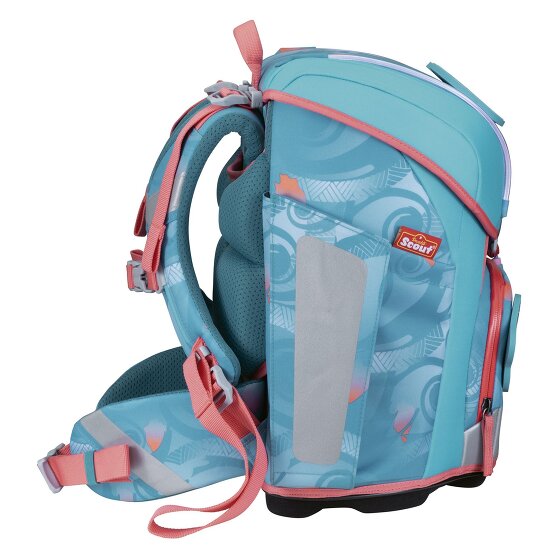 Scout Micro Zestaw tornistra 7-części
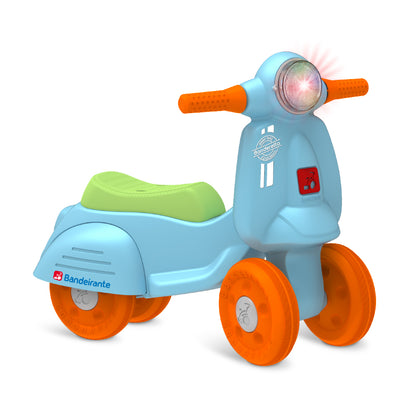 Baby Bike De Equilibrio | Naranja Celeste - Brinquedos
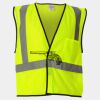 Economy Single Pocket Hook-and-Loop Mesh Vest Thumbnail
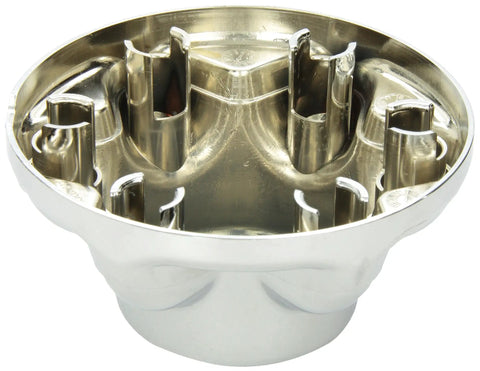 5.5 Inch 6 Lug QT Hub Cover Universal Fit For Multiple Makes And Models Protects Wheel Hub From Dirt And Corrosion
※
- [Task] What you write must match, line for line, the lines from the one with "Baby Bike De" through the last line of the data above, minus the pictures.

- [Exercise result]
 Baby Bike De Equilibrio | Naranja Celeste - Brinquedos
 Economy Single Pocket Hook-and-Loop Mesh Vest Thumbnail
 5.5 Inch 6 Lug QT Hub Cover Universal Fit For Multiple Makes And Models Protects Wheel Hub From Dirt And Corrosion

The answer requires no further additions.